TASK ITEM
An exact copy of every record is required.

DATA EXTRACT
━━━━

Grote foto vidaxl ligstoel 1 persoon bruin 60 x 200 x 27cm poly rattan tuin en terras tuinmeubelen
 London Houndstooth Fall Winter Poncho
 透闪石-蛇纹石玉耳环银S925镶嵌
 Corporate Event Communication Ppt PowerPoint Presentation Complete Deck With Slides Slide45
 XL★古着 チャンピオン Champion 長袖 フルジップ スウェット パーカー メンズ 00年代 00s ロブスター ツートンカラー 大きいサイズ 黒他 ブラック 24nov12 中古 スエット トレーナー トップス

━━━━

RESULT FOR THIS TASK
Grote foto vidaxl ligstoel 1 persoon bruin 60 x 200 x 27cm poly rattan tuin en terras tuinmeubelen
 London Houndstooth Fall Winter Poncho
 透闪石-蛇纹石玉耳环银S925镶嵌
 Corporate Event Communication Ppt PowerPoint Presentation Complete Deck With Slides Slide45
 XL★古着 チャンピオン Champion 長袖 フルジップ スウェット パーカー メンズ 00年代 00s ロブスター ツートンカラー 大きいサイズ 黒他 ブラック 24nov12 中古 スエット トレーナー トップス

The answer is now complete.